Sir Robert Muldoon was one of our more colourful prime ministers. He was also one of our greatest economic meddlers. Such was the extent of his tampering that by the time he was finally kicked out of office by a frustrated electorate we were in dire financial straits. His parting shot was trying to stop the free float of the dollar by the incoming 1984 Labour Government.
Much has been written about the effects of the economic reforms of the 1980s. I’ve always believed their severe impact on some segments of the community was all the worse because we had suffered a generation of poor economic management by Muldoon.
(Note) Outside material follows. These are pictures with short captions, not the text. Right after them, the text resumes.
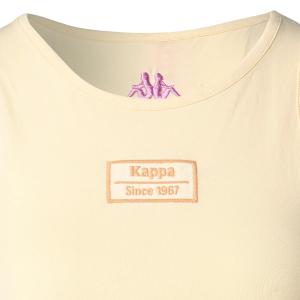 Women's tank top Kappa Authentic Stew Organic image-2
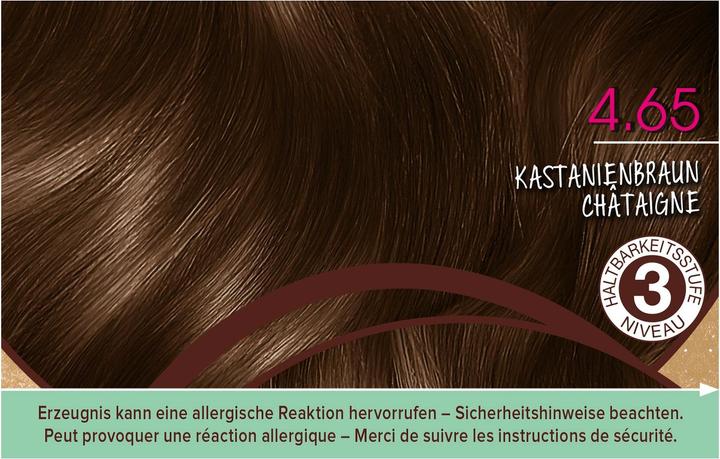 Produktbild Schwarzkopf Only Love Coloration (Braun)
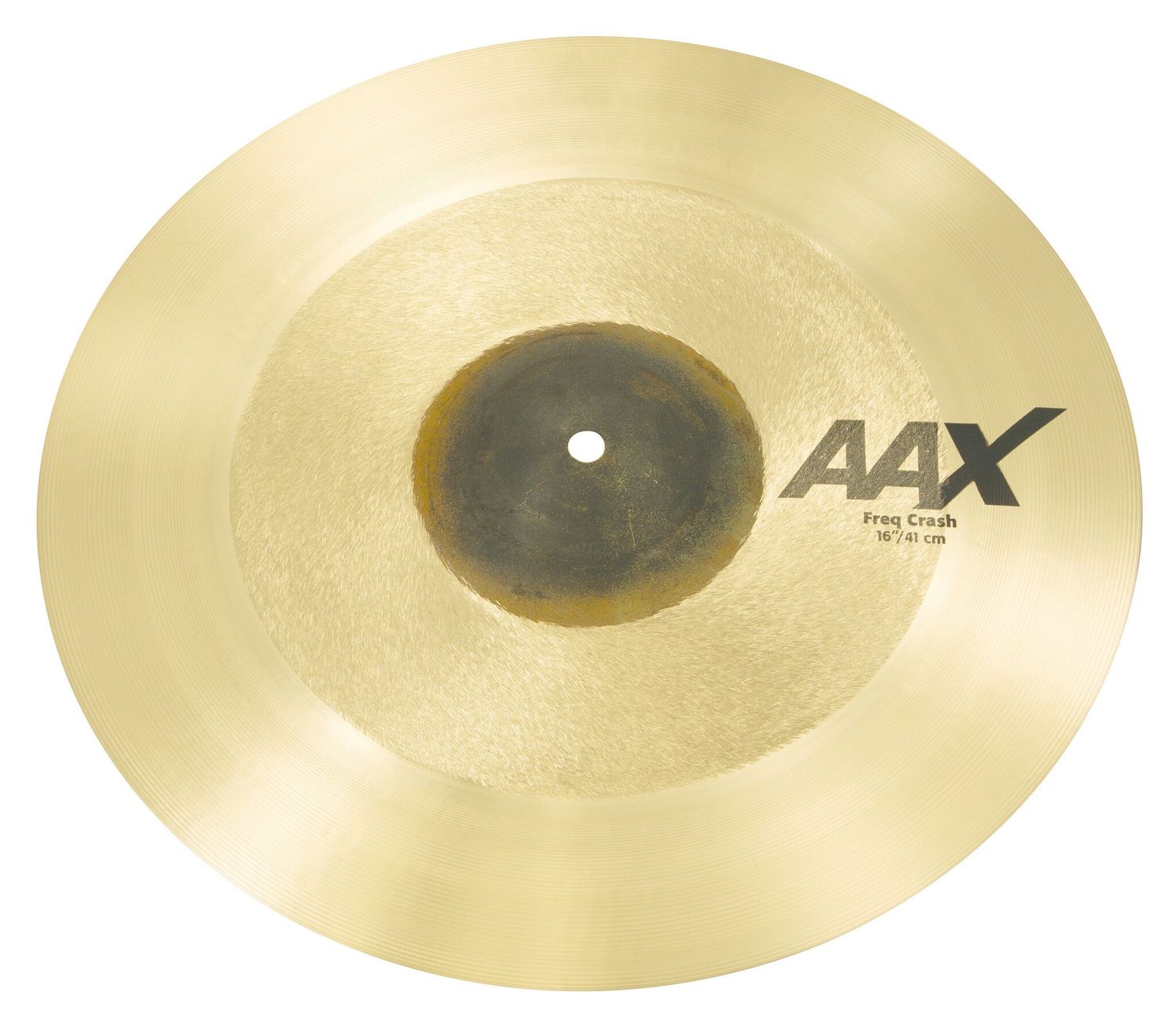 Sabian 16&quot; AAX FREQ CRASH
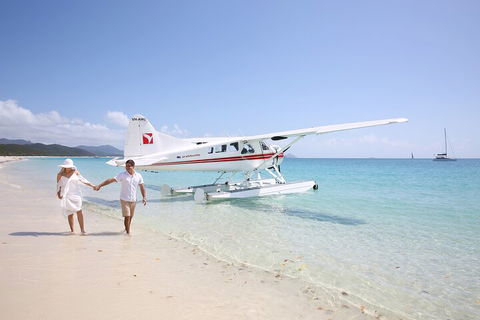 Panorama - Seaplane Tour - Attractions Sydney 2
The economy needs professional care and should not be subject to the whims of politicians who have their eye on voters at the next election rather than the effects of their policies a generation later. Every time Rob, as he was known, found something in the economy was not working in the way he wanted, he would tweak something else. A price or wage freeze here, another set of regulations there: we were more highly regulated than many communist countries.
A cartoon of Muldoon squeezing a rugby ball summed things up: when he applied pressure in one place it caused a bulge in another. That’s what happens with economies. If you start interfering with one thing, you distort another. You can’t tamper with key economic settings and expect everything to stay in equilibrium. Which is why suggestions we should require the Reserve Bank governor to start using monetary policy to try to control the dollar are plain dumb – and dangerous. If it was possible to have our cake and eat it – that is, lower the dollar by trying to manipulate its value – everyone would be doing it. In essence, you can use monetary policy to target either inflation or the dollar – you can’t do both.
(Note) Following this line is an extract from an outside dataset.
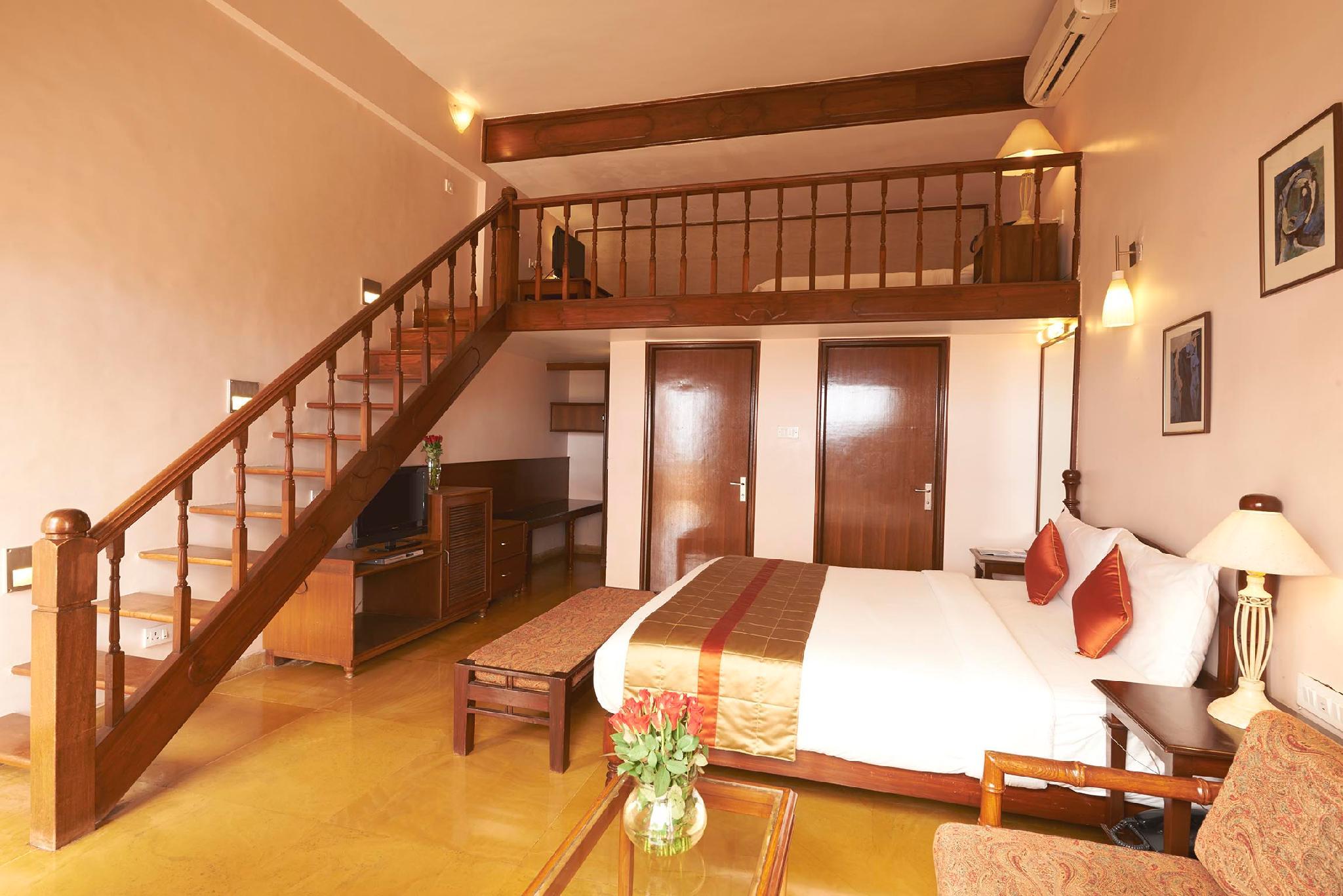 brightland resort and spa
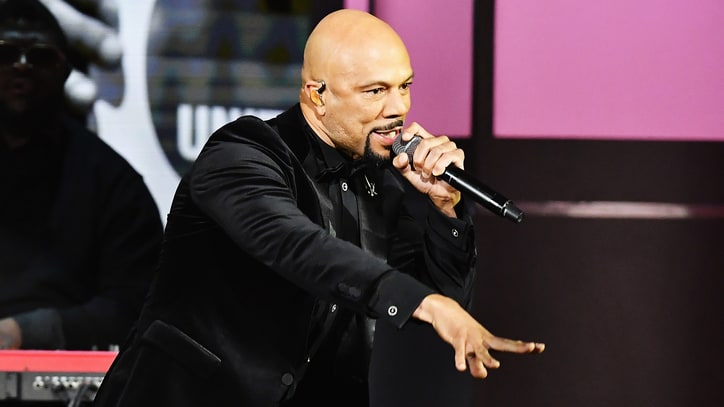 Common, Robert Glasper, Karriem Riggins Unveil New Band, Song With Brandy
As ASB Bank says in its October 30 economic update: “The more focus that goes on controlling the dollar, the more volatile overall growth, inflation and interest rates are likely to be. The dollar would also do less work in buffering the economy against shocks (for example, a global crisis, a local drought, a plunge in export prices), so shocks will impact on economic growth more.”
According to the ASB, when the Swiss – who supposedly know a thing or two about money – intervened in their currency market, they had spent 20 billion Swiss francs (or 3.4% of their GDP) before they gave it away as a bad joke. Hong Kong is another country you might think would know better. It controls its currency, pegging it to the US dollar. Mortgage rates there are low, but property prices have risen 85% in three years. So the Government has put in place measures such as 40% minimum house deposits, debt servicing thresholds and controlling the release of land – echoing Muldoon-style economic management – and property continues to boom and bust.
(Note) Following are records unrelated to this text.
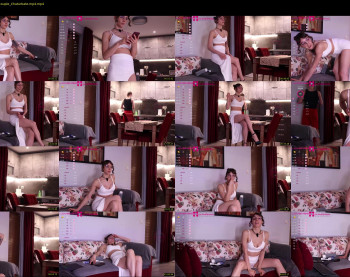xwithy — 50 minute Chaturbate female cam show recording, 720p, Dec 20, 2022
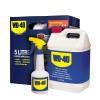 Líquido multiusos WD40 5 Litros + Pulverizador WD 40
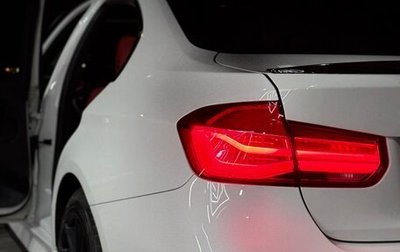 BMW 3 серия, 2017 год, 2 400 000 рублей, 1 фотография
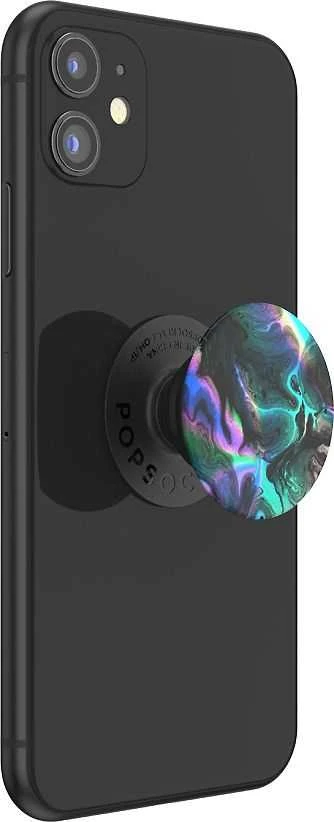 Popsockets uchwyt Oil Agate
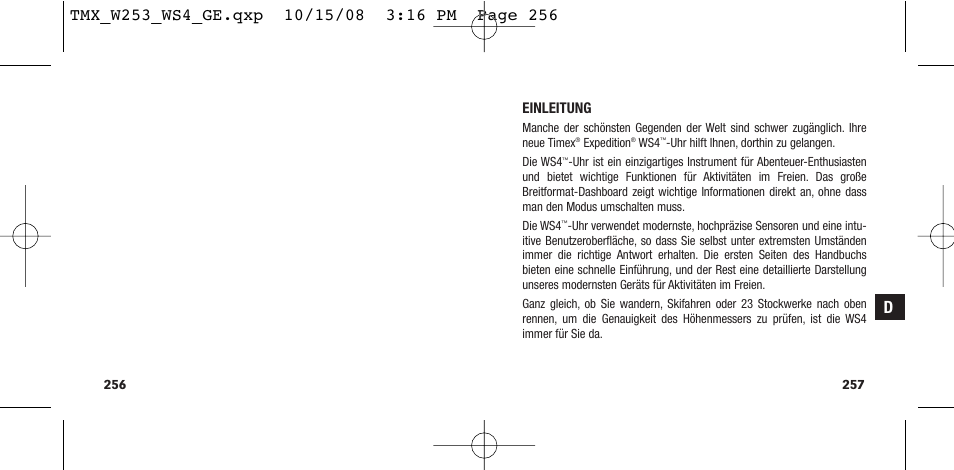 Timex T49761 User Manual | Page 131 / 179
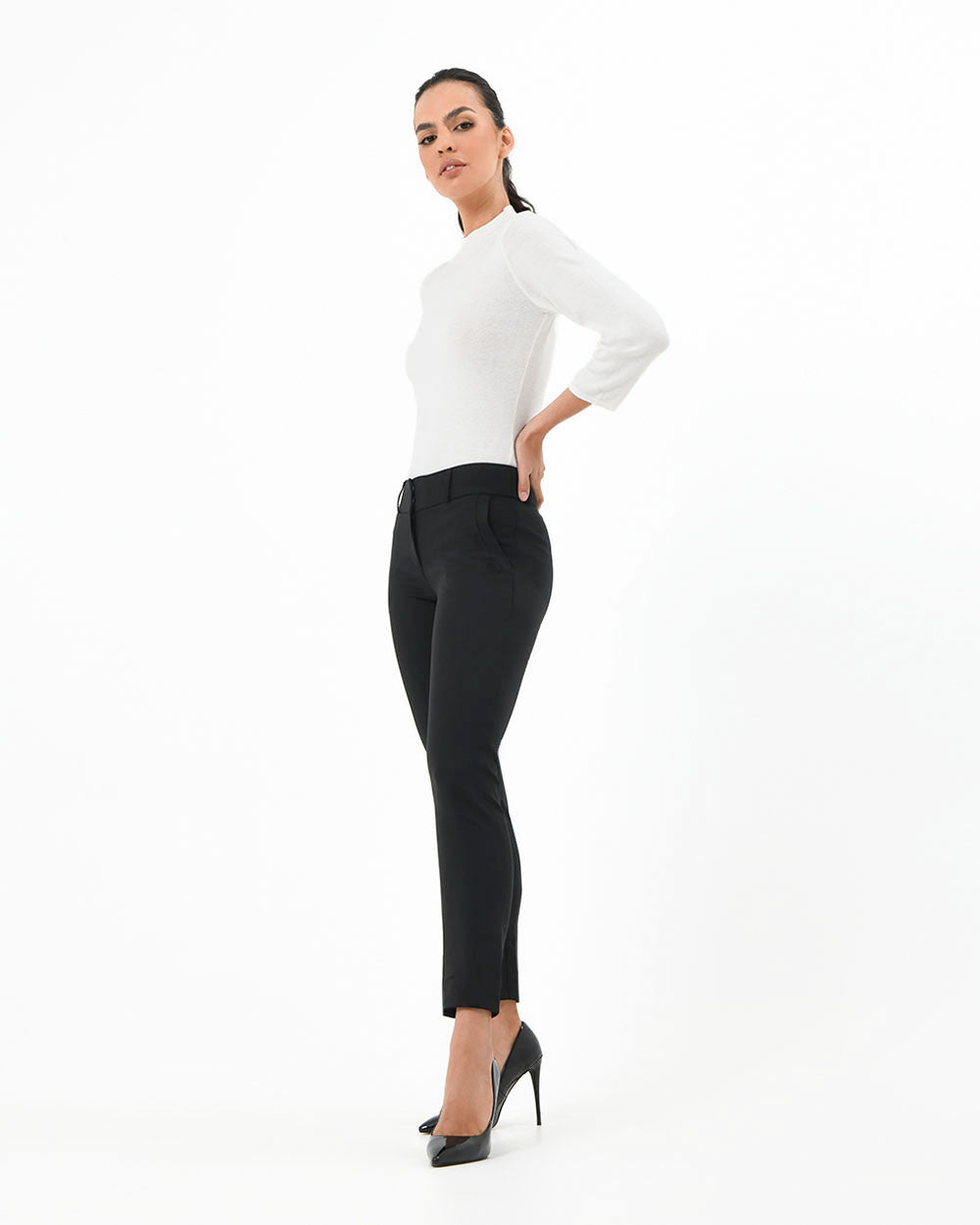 Taylor Slim Pants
It has been suggested limits be placed on our bank lending, but that’s just likely to encourage loan sharks. And high minimum deposits as a prerequisite for housing loans would penalise most those trying to get on to the property ladder. If we try to artificially engineer a low exchange rate, it will raise import prices, cutting everyone’s standard of living. For that matter, the ASB reckons the dollar is only slightly higher than warranted by fundamentals such as our real terms of trade.
Interest rates policy is not perfect, but it is better than the alternatives. Ultimately there is no free lunch. The way to a balanced economy is to boost productivity, eliminate the budget deficit and let business build things and generate jobs.